[[ Provided material, beginning ]]
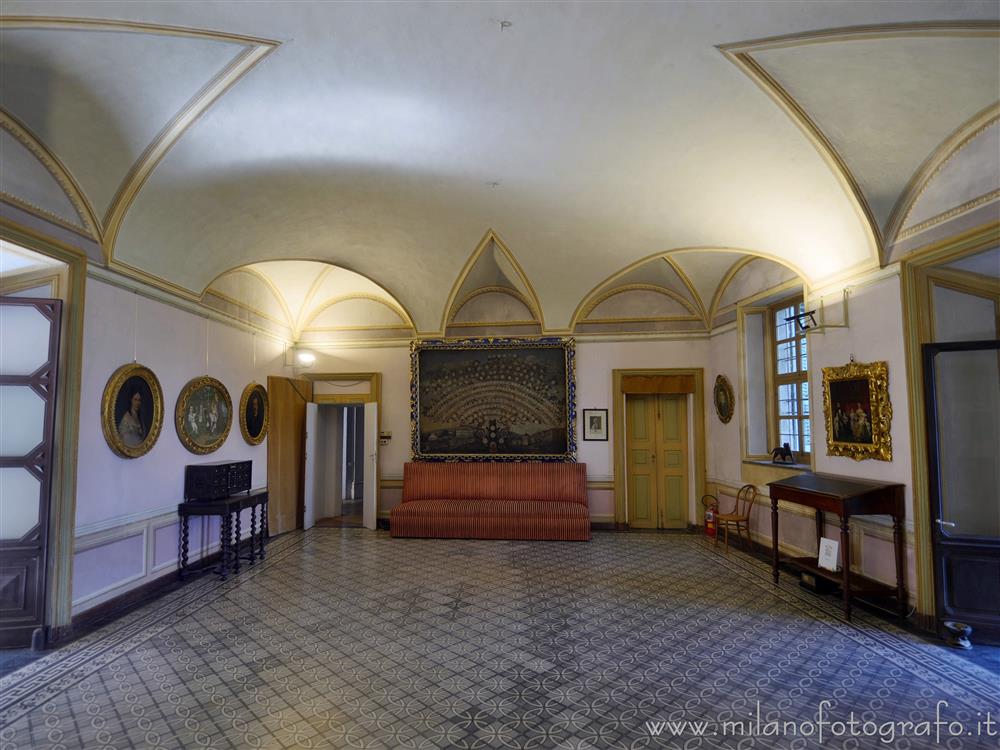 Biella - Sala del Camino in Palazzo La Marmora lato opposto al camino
[[ Provided material, end ]]
[[ Provided material, beginning ]]
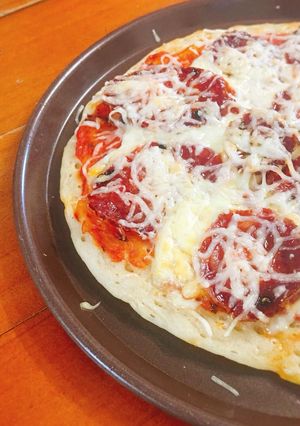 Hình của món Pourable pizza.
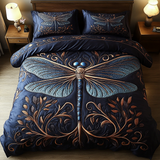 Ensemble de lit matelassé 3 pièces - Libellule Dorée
[[ Provided material, end ]]
(Exercise goal)
Write back word for word every line in the entries above from the one with "Hình của món Pourable pizza." to the one with "Ensemble de lit", ends included, and none of the pictures.

(Exercise answer)
 Hình của món Pourable pizza.
 Ensemble de lit matelassé 3 pièces - Libellule Dorée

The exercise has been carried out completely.